**Records for the exercise**.
______

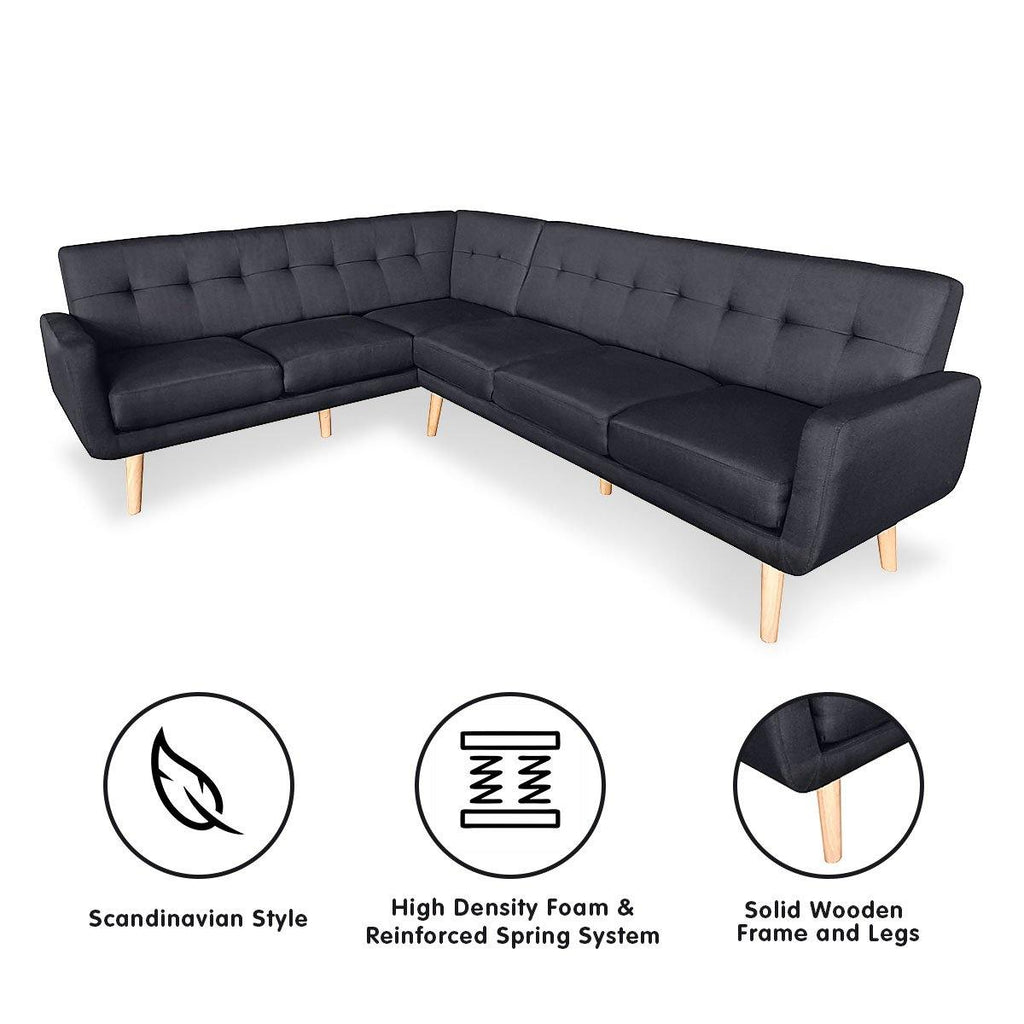 Laverne Corner Lounge L-shaped Wooden legs Black - Housethings 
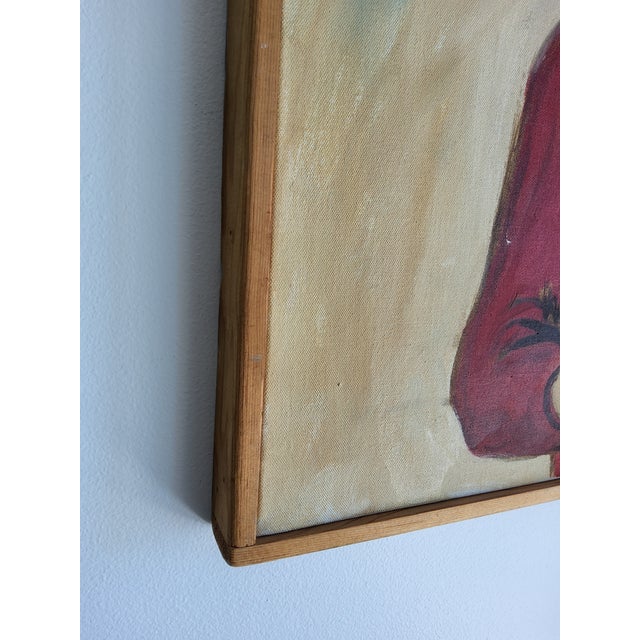 Mid Century Modernist Oil Portrait Painting by Woodstock Art Colony Artist Carolyn Haeberlin 1956 "Indian" For Sale - Image 16 of 18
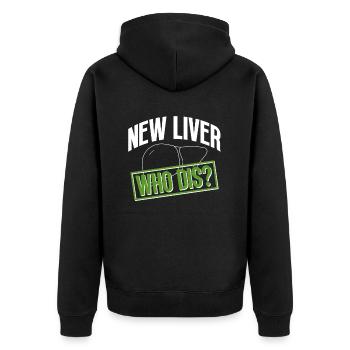 Organspender Leber Organtransplantation - Unisex Premium Bio Zip Hoodie - Schwarz - Hinten - Nico (187cm)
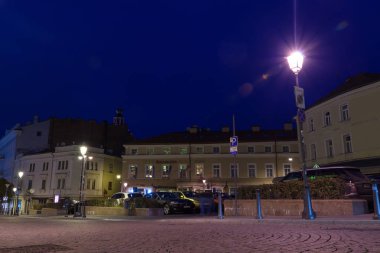 Gece şehir Vilnius.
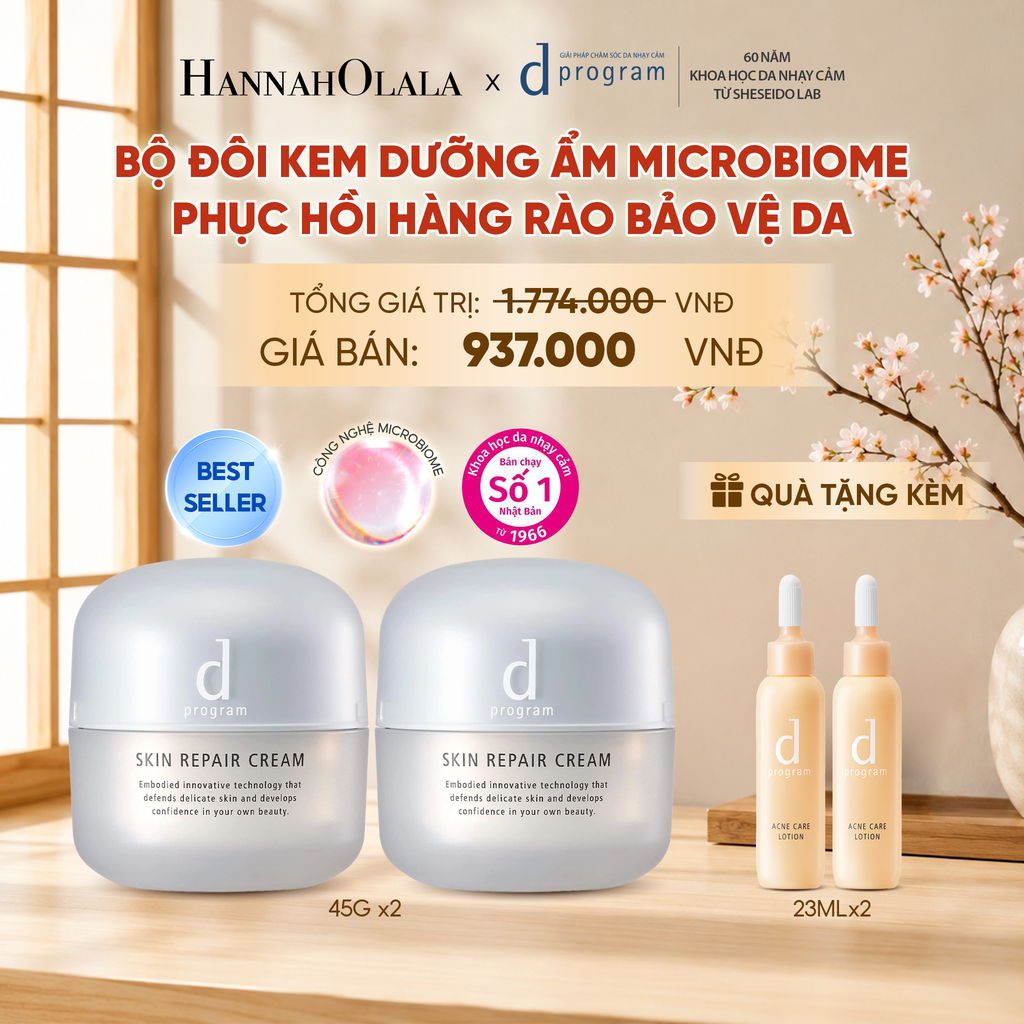  BỘ ĐÔI KEM DƯỠNG ẨM VÀ PHỤC HỒI DA D PROGRAM SKIN REPAIR CREAM 45G - DEAL 1 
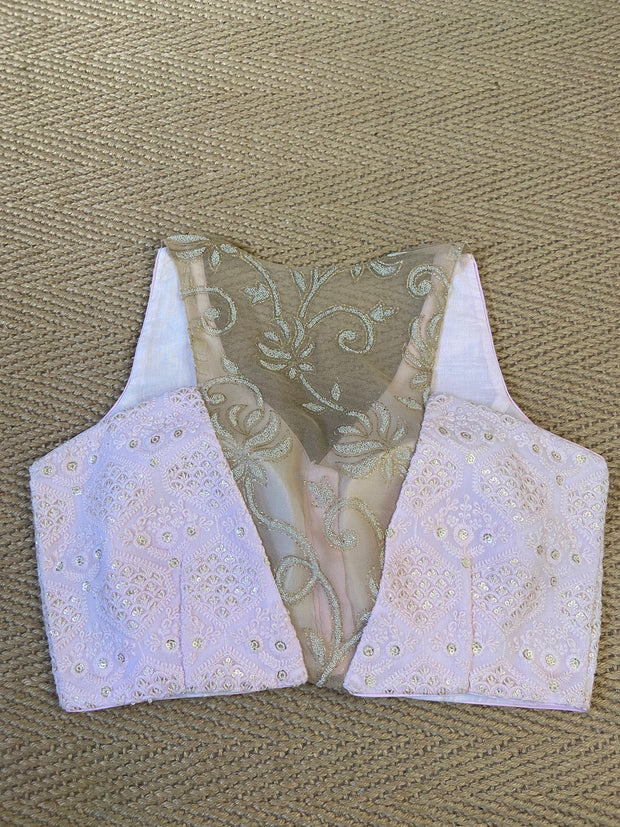 Light pink chikankari designer blouse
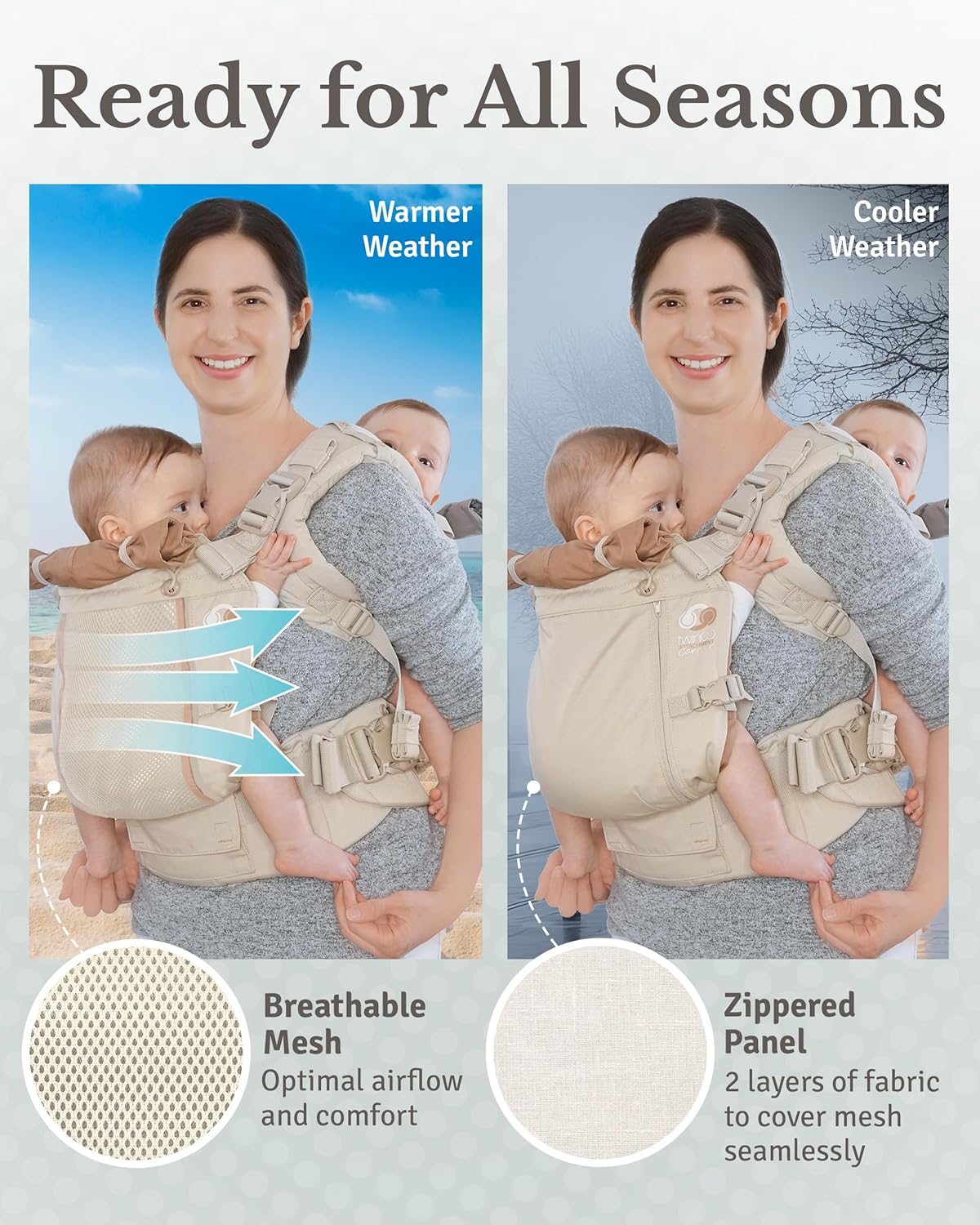 TwinGo Carrier - Breathable Twin Baby Carrier That Separates into 2 Baby Carriers, Adjustable Twin Carriers for Babies and Toddlers (10-45 lbs), Fits Adults XS-XXL - Air Model, Simply Neutral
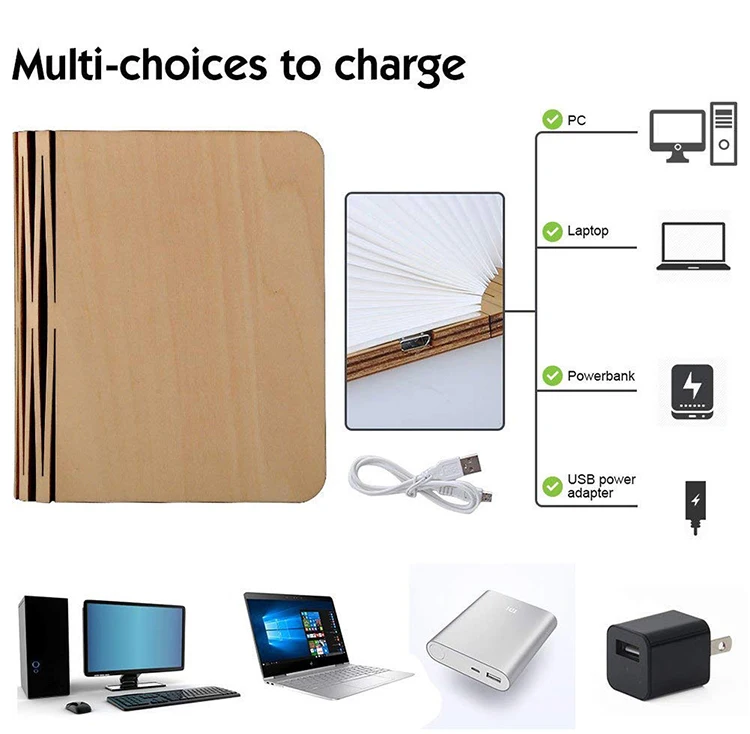 LED Portable Book Shape USB Rechargeable Night Light Creative 3D Magnetic Folding Decorative Gift Book Light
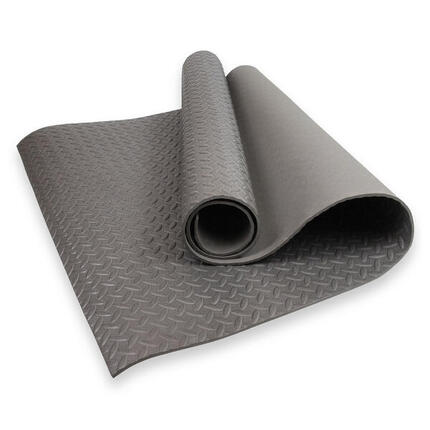 Tapis de fitness antidérapant, mousse de caoutchouc, gris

______

**Directions for this task**. Nothing should appear in the answer except the lines from the first line of the data through the line holding "Gece şehir Vilnius.", exactly as written, with pictures left out.

**Task answer**.
 Laverne Corner Lounge L-shaped Wooden legs Black - Housethings 
 Mid Century Modernist Oil Portrait Painting by Woodstock Art Colony Artist Carolyn Haeberlin 1956 "Indian" For Sale - Image 16 of 18
 Organspender Leber Organtransplantation - Unisex Premium Bio Zip Hoodie - Schwarz - Hinten - Nico (187cm)
 Gece şehir Vilnius.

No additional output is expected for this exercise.